### TASK INSTRUCTIONS
Search the records below for the word "Chapter". Copy each line where it occurs.

### EXERCISE MATERIALS

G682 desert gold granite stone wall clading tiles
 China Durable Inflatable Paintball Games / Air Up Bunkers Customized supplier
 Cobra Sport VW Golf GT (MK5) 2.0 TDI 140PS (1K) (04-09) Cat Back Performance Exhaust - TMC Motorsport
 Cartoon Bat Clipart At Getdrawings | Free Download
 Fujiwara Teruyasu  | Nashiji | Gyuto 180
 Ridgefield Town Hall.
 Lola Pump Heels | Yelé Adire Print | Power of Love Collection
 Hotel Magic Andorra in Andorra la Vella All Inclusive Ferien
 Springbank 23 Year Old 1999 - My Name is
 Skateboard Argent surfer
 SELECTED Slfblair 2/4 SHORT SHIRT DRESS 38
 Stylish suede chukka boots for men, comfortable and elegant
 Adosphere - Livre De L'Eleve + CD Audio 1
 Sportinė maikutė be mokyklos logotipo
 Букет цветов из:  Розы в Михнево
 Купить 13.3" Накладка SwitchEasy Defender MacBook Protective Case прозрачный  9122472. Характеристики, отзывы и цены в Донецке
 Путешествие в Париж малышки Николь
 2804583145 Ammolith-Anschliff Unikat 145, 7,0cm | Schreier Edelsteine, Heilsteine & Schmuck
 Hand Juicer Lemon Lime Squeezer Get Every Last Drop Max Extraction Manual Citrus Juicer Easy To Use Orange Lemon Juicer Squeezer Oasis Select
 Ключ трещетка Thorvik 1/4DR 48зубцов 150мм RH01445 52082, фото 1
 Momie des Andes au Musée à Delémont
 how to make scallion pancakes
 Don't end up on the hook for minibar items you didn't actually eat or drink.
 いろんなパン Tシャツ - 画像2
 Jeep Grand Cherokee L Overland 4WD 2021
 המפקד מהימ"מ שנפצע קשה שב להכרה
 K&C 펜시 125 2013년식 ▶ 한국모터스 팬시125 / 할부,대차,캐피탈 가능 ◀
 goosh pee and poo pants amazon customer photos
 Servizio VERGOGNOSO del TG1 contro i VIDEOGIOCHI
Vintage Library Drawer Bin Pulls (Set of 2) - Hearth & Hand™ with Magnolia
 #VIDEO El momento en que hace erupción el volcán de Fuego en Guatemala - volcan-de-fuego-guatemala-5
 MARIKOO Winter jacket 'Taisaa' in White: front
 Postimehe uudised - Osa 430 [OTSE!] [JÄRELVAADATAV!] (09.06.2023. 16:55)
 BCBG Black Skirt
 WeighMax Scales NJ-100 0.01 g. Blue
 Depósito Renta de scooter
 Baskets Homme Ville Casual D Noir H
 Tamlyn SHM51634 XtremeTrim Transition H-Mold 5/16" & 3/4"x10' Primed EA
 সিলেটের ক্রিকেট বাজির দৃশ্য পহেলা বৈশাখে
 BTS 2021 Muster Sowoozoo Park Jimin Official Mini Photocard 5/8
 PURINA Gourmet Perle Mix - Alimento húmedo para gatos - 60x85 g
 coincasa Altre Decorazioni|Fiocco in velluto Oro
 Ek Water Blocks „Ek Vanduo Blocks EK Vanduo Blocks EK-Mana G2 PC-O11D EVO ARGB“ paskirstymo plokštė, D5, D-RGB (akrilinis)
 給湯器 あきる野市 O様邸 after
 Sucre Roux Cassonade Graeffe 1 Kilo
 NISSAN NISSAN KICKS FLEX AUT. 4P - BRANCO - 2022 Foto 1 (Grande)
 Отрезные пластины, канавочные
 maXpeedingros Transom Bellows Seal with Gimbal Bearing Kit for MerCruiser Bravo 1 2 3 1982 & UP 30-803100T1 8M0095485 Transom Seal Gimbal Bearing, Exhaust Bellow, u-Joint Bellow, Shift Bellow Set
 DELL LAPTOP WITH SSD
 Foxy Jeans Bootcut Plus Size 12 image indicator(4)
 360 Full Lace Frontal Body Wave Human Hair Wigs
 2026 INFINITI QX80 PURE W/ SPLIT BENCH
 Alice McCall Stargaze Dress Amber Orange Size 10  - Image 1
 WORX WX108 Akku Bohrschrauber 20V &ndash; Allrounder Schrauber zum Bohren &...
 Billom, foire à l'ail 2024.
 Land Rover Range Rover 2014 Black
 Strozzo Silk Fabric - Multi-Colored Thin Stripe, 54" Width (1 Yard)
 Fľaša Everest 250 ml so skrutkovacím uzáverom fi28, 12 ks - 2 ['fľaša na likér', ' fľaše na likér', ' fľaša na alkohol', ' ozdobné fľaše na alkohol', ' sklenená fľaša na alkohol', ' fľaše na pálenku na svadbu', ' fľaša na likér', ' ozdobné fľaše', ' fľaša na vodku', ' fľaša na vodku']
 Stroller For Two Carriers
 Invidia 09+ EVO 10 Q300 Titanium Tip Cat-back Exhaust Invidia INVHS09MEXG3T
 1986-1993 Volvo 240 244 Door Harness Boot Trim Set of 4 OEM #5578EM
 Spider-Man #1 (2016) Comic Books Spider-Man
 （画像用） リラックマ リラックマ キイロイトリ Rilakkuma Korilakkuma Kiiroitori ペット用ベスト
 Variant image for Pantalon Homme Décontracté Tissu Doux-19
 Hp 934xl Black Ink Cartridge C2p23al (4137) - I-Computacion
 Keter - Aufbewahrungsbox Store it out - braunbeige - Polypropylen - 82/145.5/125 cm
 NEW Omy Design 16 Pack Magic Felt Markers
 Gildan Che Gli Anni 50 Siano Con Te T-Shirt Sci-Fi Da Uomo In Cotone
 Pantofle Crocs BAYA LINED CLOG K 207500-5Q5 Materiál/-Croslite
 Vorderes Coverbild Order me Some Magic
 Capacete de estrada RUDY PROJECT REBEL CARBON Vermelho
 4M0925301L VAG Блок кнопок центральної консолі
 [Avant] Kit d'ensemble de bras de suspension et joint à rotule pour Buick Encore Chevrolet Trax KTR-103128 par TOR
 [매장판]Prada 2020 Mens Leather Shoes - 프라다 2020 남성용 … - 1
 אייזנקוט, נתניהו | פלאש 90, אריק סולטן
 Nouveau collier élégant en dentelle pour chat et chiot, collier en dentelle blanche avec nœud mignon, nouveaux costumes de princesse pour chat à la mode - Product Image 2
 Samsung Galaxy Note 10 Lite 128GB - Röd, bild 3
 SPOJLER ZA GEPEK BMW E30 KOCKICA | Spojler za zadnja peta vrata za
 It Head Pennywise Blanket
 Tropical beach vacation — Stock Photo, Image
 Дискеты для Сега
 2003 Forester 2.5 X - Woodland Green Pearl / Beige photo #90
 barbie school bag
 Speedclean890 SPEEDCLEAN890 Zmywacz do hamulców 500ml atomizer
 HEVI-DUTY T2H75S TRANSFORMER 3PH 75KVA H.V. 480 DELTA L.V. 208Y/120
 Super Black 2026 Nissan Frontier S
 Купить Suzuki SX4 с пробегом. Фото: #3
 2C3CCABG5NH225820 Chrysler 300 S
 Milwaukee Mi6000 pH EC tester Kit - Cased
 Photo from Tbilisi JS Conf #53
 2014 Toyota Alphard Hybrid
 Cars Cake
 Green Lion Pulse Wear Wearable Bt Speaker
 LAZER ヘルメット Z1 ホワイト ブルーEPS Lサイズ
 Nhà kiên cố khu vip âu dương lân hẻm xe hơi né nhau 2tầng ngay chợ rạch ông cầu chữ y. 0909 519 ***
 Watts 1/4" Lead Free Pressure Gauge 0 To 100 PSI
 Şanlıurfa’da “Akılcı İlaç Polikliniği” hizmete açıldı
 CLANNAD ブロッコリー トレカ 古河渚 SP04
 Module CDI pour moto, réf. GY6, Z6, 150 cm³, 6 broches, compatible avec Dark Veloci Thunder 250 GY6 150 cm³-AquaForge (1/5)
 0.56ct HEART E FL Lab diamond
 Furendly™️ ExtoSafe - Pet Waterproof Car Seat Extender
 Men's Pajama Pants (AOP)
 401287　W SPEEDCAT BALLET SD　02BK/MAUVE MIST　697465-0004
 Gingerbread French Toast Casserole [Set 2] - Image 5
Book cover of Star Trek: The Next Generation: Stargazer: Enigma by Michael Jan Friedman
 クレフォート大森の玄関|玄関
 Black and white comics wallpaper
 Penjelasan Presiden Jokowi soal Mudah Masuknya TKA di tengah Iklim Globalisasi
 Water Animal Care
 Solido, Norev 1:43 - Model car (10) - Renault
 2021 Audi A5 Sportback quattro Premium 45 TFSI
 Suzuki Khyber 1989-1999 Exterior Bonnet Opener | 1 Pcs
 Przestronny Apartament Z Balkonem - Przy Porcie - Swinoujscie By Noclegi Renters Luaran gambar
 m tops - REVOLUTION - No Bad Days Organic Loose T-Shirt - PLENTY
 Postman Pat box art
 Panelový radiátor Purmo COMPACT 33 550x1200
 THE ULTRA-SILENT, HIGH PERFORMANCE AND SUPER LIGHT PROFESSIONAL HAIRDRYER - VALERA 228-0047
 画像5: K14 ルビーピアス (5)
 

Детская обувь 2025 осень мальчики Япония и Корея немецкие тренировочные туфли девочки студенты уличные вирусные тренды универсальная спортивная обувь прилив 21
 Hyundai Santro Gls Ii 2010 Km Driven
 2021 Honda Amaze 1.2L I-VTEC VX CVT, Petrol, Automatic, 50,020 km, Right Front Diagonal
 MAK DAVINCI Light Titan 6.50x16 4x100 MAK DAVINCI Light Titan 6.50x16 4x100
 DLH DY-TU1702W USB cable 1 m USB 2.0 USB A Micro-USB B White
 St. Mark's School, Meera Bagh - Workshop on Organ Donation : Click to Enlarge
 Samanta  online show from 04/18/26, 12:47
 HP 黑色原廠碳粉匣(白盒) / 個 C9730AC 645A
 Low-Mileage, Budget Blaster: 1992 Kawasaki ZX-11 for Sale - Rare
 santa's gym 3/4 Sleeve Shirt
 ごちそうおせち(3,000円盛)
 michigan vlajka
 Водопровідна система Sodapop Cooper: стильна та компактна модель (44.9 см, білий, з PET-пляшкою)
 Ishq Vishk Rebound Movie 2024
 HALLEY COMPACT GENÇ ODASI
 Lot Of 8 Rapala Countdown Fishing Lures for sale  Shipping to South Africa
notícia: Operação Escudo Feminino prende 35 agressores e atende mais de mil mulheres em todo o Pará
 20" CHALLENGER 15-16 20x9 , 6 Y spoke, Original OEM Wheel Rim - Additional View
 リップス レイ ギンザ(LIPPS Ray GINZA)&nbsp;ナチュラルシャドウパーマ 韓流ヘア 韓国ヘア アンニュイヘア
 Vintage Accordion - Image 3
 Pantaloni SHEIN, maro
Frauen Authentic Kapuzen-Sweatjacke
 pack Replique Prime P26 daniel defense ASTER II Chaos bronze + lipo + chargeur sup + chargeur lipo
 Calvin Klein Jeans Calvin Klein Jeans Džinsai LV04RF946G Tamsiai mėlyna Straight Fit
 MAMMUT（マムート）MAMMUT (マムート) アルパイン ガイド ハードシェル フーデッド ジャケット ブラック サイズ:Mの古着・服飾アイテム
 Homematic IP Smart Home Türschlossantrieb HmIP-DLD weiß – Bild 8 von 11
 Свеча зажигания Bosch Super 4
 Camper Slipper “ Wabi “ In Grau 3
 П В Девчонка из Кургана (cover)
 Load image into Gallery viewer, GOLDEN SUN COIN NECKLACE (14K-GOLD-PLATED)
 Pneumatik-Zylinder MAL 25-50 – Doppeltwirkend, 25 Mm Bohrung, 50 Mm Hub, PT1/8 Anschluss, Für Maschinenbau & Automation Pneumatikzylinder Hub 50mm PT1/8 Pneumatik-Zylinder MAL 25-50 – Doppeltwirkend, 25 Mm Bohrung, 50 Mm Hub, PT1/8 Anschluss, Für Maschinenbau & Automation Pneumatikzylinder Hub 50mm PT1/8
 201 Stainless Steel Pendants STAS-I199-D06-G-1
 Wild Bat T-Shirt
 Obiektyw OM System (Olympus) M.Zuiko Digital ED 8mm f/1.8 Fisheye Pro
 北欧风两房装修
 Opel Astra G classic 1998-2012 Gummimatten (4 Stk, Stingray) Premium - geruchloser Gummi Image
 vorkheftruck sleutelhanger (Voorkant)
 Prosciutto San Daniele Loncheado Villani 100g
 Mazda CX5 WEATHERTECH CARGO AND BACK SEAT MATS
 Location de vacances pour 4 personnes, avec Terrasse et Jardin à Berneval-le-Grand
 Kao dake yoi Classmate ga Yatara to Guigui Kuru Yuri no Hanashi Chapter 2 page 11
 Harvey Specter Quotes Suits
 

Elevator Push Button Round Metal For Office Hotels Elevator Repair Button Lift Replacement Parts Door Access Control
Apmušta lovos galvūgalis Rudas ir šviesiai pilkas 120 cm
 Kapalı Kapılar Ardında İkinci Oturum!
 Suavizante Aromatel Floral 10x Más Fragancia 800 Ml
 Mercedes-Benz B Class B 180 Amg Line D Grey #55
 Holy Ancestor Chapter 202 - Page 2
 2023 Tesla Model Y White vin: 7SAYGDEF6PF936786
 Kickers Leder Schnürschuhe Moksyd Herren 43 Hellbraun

### THE COMPLETED TASK
 Kao dake yoi Classmate ga Yatara to Guigui Kuru Yuri no Hanashi Chapter 2 page 11
 Holy Ancestor Chapter 202 - Page 2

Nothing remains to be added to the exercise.